Mercifully, there's no Devil Wears Prada or Sex and the City in the line-up. Instead, the one film and three documentaries shown seem to follow a fairly loose theme: that of the thoughts and processes behind the finished products of fashion fantasy: magazines, photography, designer clothing and subculture. Altogether, it's a carefully chosen edit with something for everyone. Here's the running order.
4PM: Funny Face
It wouldn't be a fashion film fest without a bit of Audrey, and this is the perfect Hepburn movie to kick it off. Hepburn films are always stylish, but this has the added advantage of being set in the fashion industry, albeit one that involves a lot more singing and dancing when discussing spring trends than usual. It's an unconvincing love match between Hepburn and the by-then very creaky Fred Astaire (he also starred in the original musical version... in 1927) but that doesn't really matter when it's set in New York and Paris, has an amazing opening sequence with photos by Richard Avedon and the combined costuming efforts of Edith Head and Hubert de Givenchy.
6pm: Annie Liebovitz: Life Through a Lens
If you don't know much about Annie Liebovitz, then this is a good place to start. This documentary was filmed by Liebovitz' younger sister, so there won't be any unpleasant revalations or smudges on her character or breaking down in floods of cathartic tears.

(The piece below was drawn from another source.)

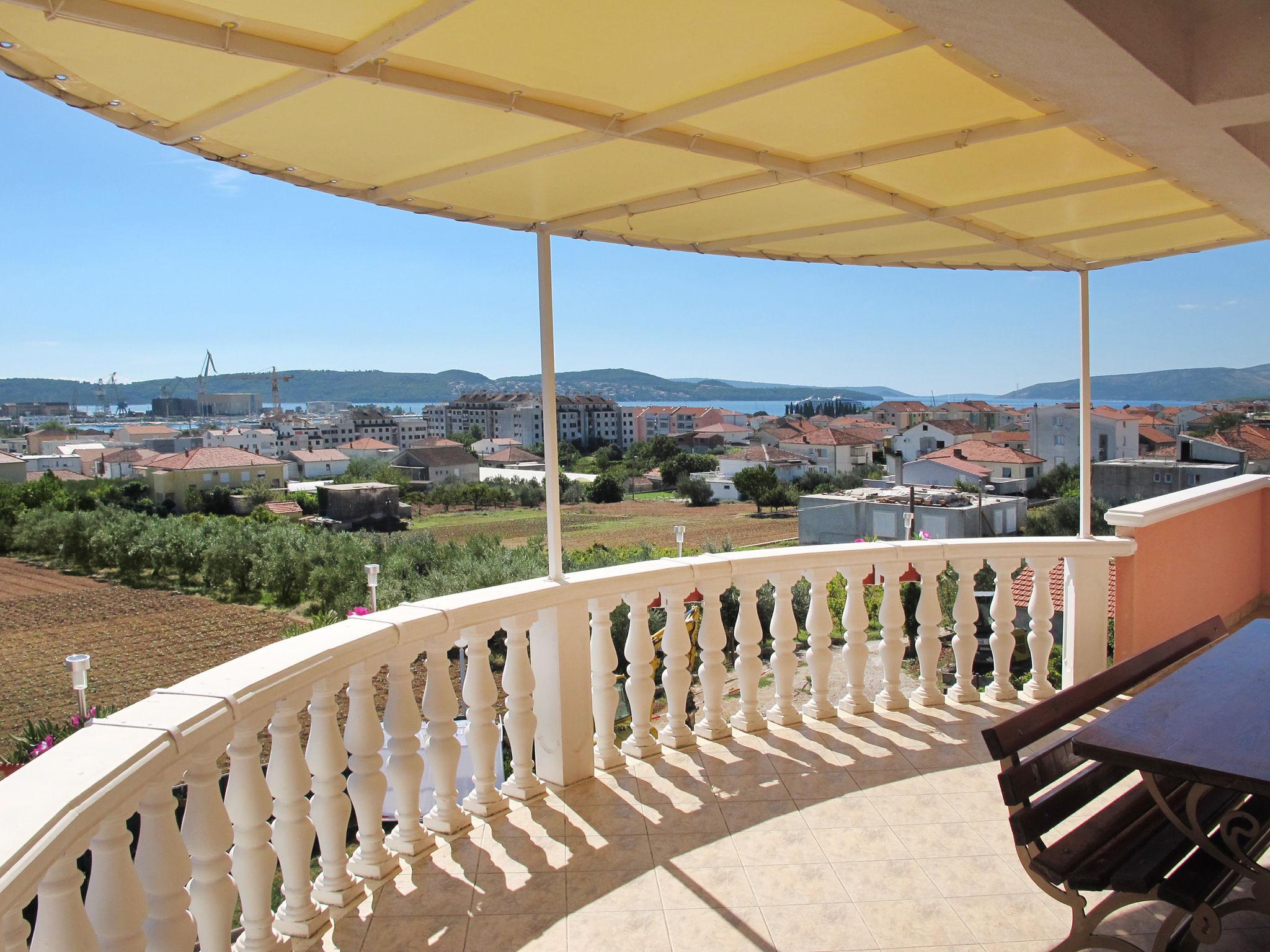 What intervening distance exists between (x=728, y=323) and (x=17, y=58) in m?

This isn't about personality, it's about photography - so if you're a fan of Liebovitz' notoriously meticulous work and want to know more, or just want some inspiration of your own, watch this.
7.30 PM: Marc Jacobs and Louis Vuitton
This is the one film in the schedule that I don't know much about, so I'm afraid I'm going to have to give you a blurb instead. This documentary follows Marc Jacobs as he finishes a RTW collection for Louis Vuitton. In it, we see the mundanities of his everyday life, which contrast with the creative highs. There's also a wee bit of conflict - where does the line between creativity and being beholden to the chairman of the board lie?
9PM: Paris is Burning
Seminal drag documentary, Paris is Burning, was filmed in the recesses of Harlem dance halls before the area was gentrified. This isn't so much a fashion film as it is an ode to the transformative power of clothing (along with make up, some slick dance moves and the right 'tude). Equal parts funny, sad and fascinating, this is the one to watch.